George Tutlane

December 28, 2009
Retired Lewes Postmaster George Tutlane worked for the U.S. Postal Service for 27 years. Prior to that he was a railway man for about nine years. NONE HENRY J. EVANS JR. PHOTO
Recently retired Lewes Postmaster George Tutlane is looking forward to life in the fast lane – at least some portion of it.

Tutlane, who grew up in Upper Darby, Pa., is clearly a people person – a conversationalist, quick-witted.

For example: What’s the origin of the surname Tutlane?

“My people came here from Armenia. When the immigration officer asked my grandfather his name, he muttered something in Armenian. The officer said “Tutlane,” and that’s what he wrote down,” he said.
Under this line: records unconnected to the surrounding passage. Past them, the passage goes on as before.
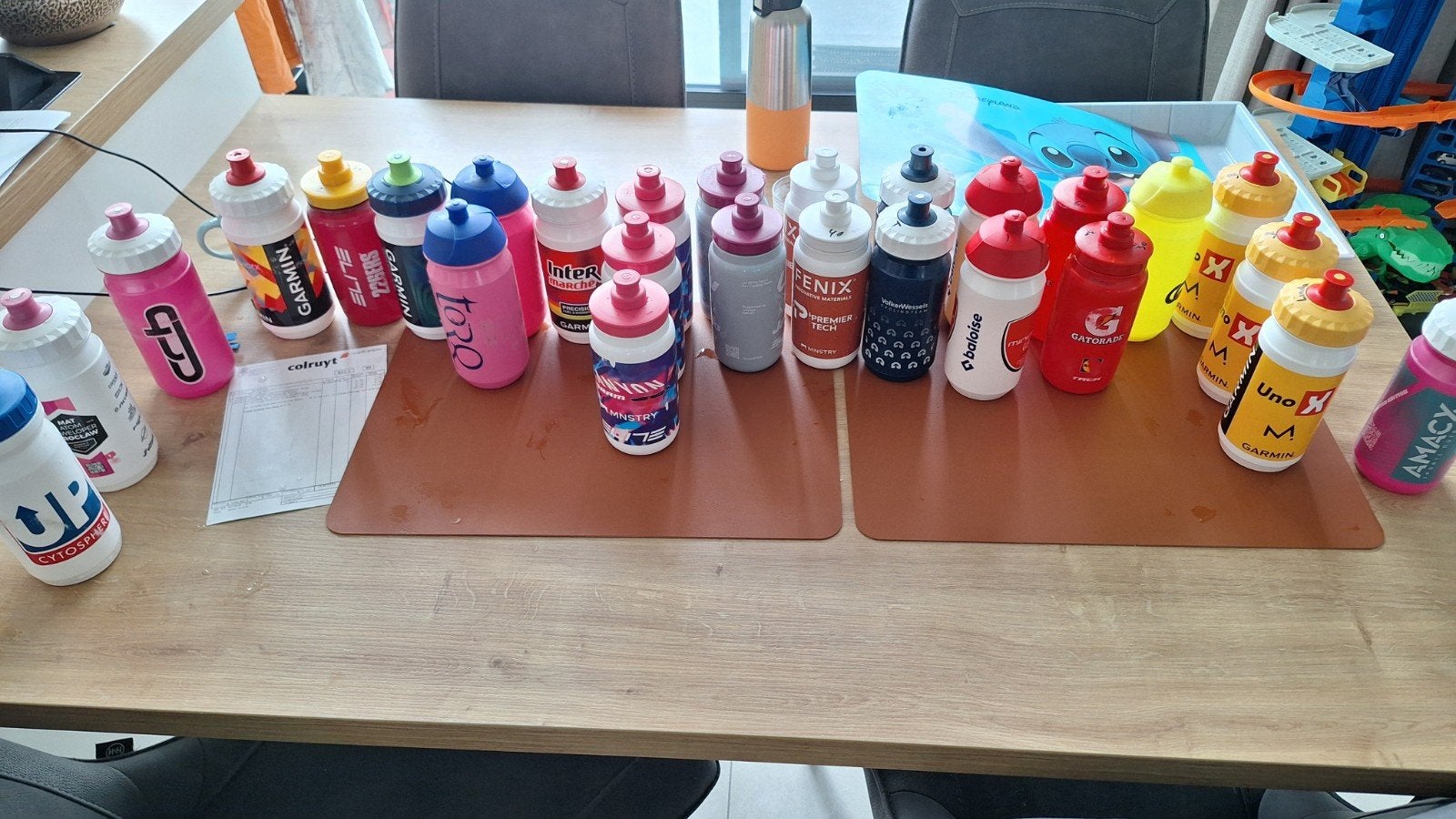bidons wielerploegen te ruil, Ophalen
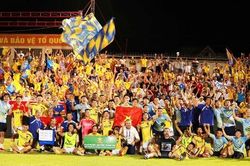 Bắc Ninh FC thăng hạng V.League sau loạt sút luân lưu kịch tính
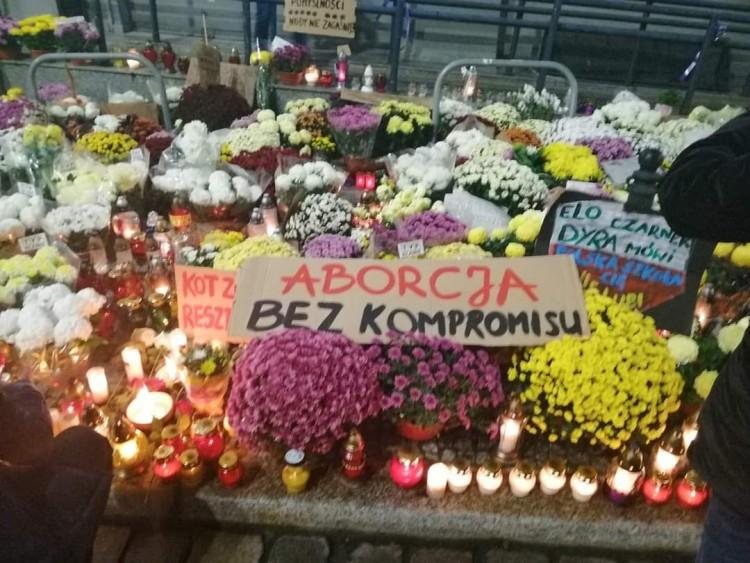 Dziesiąty antyrządowy protest we Wrocławiu. Zbiórki przed Dworcem Głównym i Magnolią
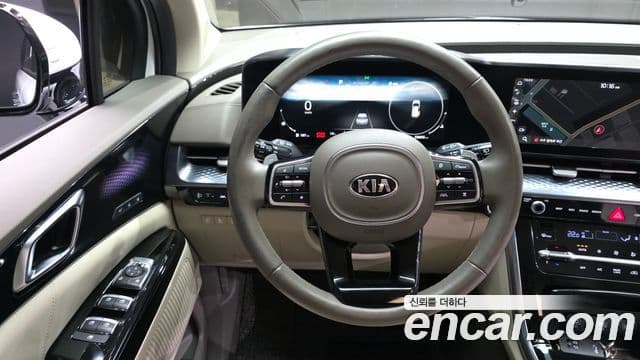 Kia Carnival 2021 — Photo 17/20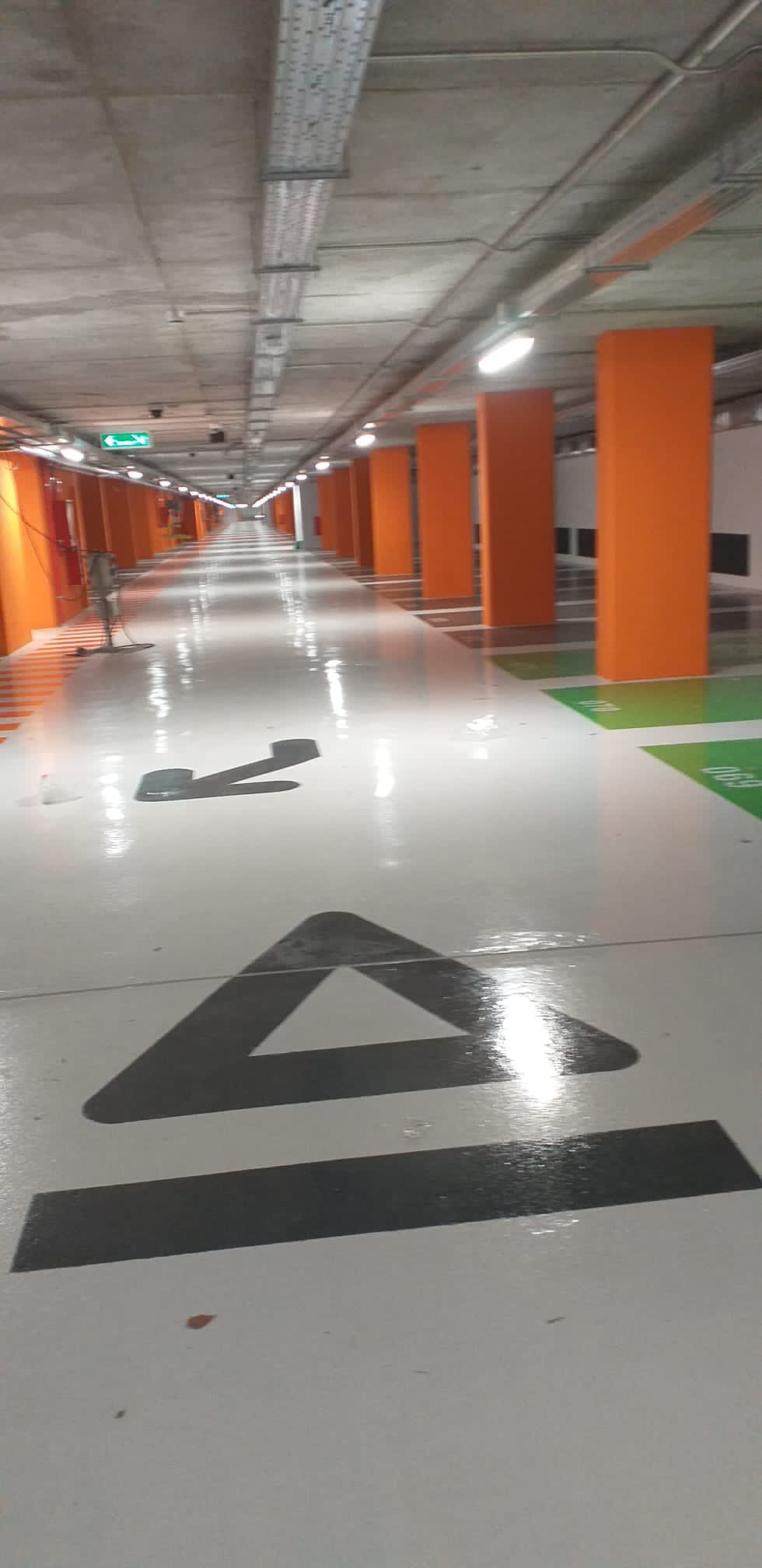 pintado y señalizacion pavimentos parking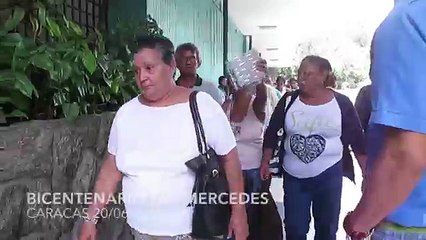 Mujer golpeó a una periodista de Runrunes por grabar cola en Bicentenario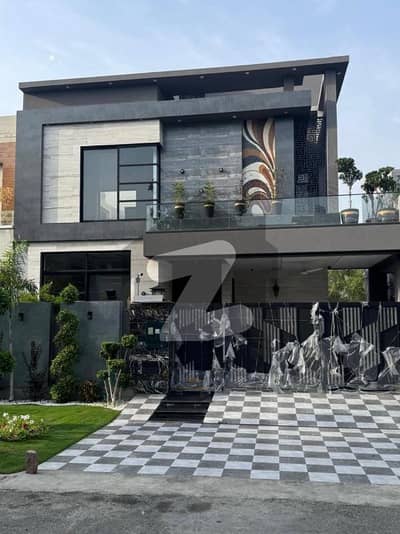 ڈی ایچ اے فیز 7 ڈیفنس (ڈی ایچ اے),لاہور میں 4 کمروں کا 10 مرلہ مکان 5.75 کروڑ میں برائے فروخت۔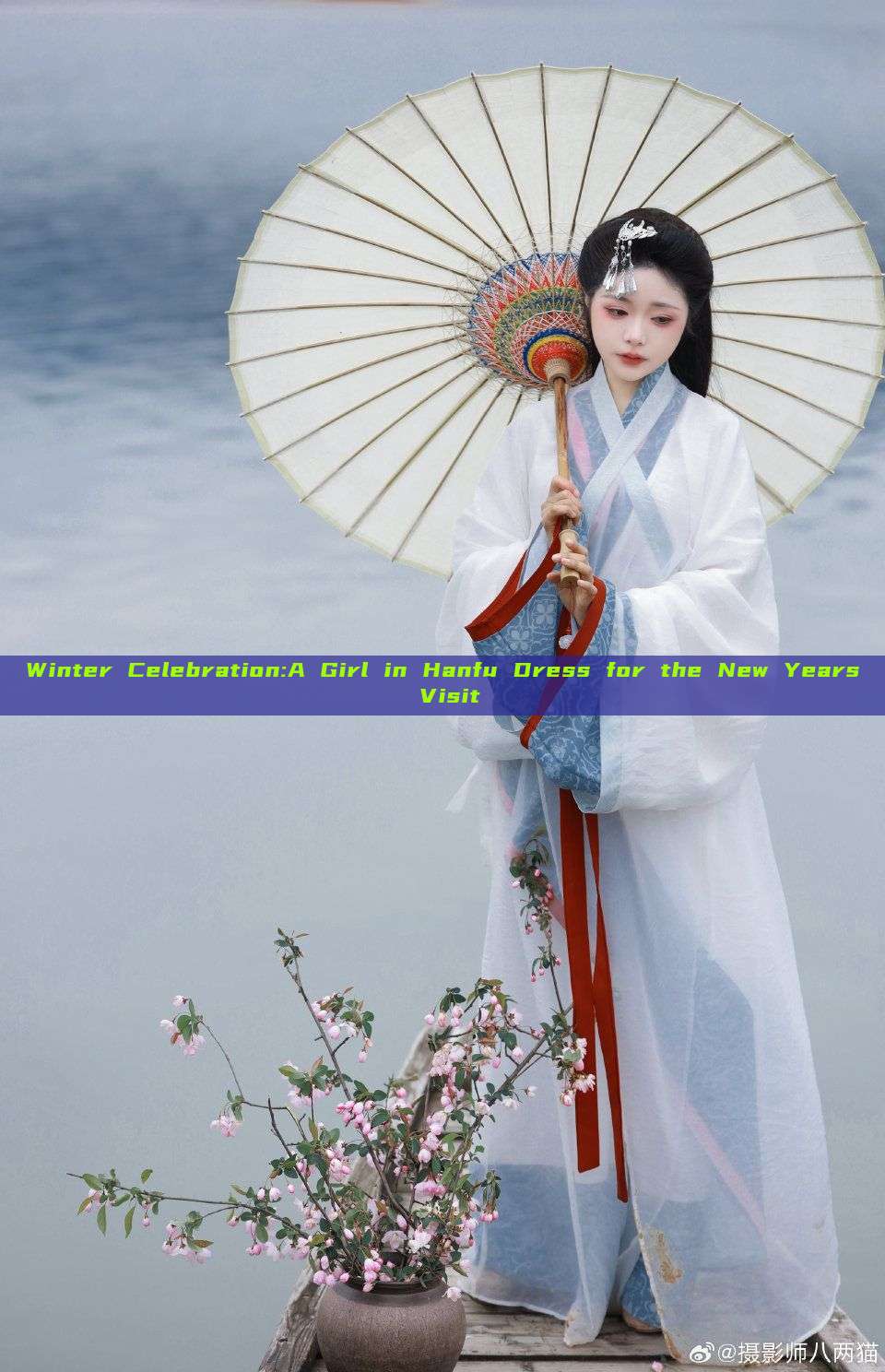 Winter Celebration:A Girl in Hanfu Dress for the New Years Visit Winter Celebration:A Girl in Hanfu Dress for the New Years Visit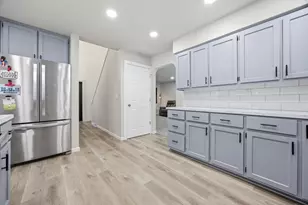2504 18th St S, Moorhead, MN 56560 - Photo 9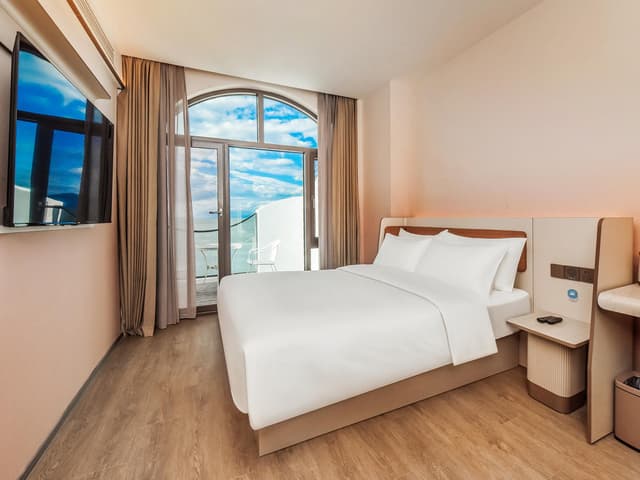 Huazhu - Sea View 1 Bed Room with Balcony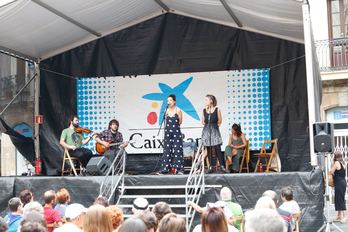 Santiago plaza izaten da bertsozaletasunaren epizentroa Aste Nagusian. (BILBOKO UDALA)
Tutlane said he never carried a leather mail satchel. Those younger than about 55 might not know what leather is – not to mention a satchel.

And when he started as a letter carrier, leather mailbags were only used for school classroom demonstrations.

“We’d fill one up with a bunch of leftover – what we called ubbm – undeliverable bulk business mail – and let the kids try to pick it up.

“I started carrying mail at the Talleyville Post Office,” said Tutlane, who turned 60 this year.

“I grabbed a blue bag when I came in. They were a lot lighter,” he said.

Tutlane worked for the U.S. Postal Service for 27 years. Prior to that he was a railway man for about nine years.

“When I came out of the service I was hired by the old Reading Company. I started as a coach cleaner, picking up newspapers in commuter trains at Reading Terminal in downtown Philly,” he said.

Tutlane said he worked up to become an electrician with the Reading Company and left the job within a couple weeks of the company’s transition to SEPTA, the Southeastern Pennsylvania Transportation Authority.

He said that’s when he shifted full-time into another interest of his – auto racing.

“During that time I’d been building and racing cars, so I did that on my own, and I worked for George Alderman Racing in New Castle for a couple years. I enjoyed that,” he said.

Tutlane drove sports cars and small sedans on road courses. He admits he’s a gear head.

“I’m getting a garage together now. Not so much to get into the racing end of it, but I want to redo old sports cars, small sedans and stuff like that. Things that aren’t too heavy to pick up,” he said.

He said he also plans to begin picking up his rod and reel more often than he has.

Tutlane was postmaster in Greenwood for five years. He was Lewes acting postmaster for three years during his predecessor’s illness and was installed in the position in November 2003.

“I was well-versed in the area before I became the permanent postmaster,” he said. Among those in his age range who became postmasters, he said, he doesn’t know of anyone who didn’t first work as a window clerk or letter carrier.

Tutlane said the Lewes ZIP code – 19958 – encompasses the largest ZIP code area south of Dover.

“Most people think of little Lewes,” he said. Tutlane said as growth in the Lewes area continues it won’t be long before the ZIP code has 17,000 mailboxes.

“We’re around 15,800 to 16,000 now. Most people don’t realize how big it is. And it’s a challenge. You serve everybody every day,” he said.

Tutlane said the saying, “Neither snow nor rain nor heat nor gloom of night stays these couriers from the swift completion of their appointed rounds,” wasn’t his working motto. (In fact, the postal service does not have an official creed or motto.)

“I always told the carriers, if you can, get out of that truck, walk down the road and serve what you can. Safety of my employees was the biggest thing,” he said. Tutlane said even on those days when the weather was at its worse, at least 60 to 70 percent of every route would be served.

He said although the quantity of first-class mail the post office handles has declined, the business still has a future.

“A lot of people still want to put that check in the mail and pay their bills that way. I still do.”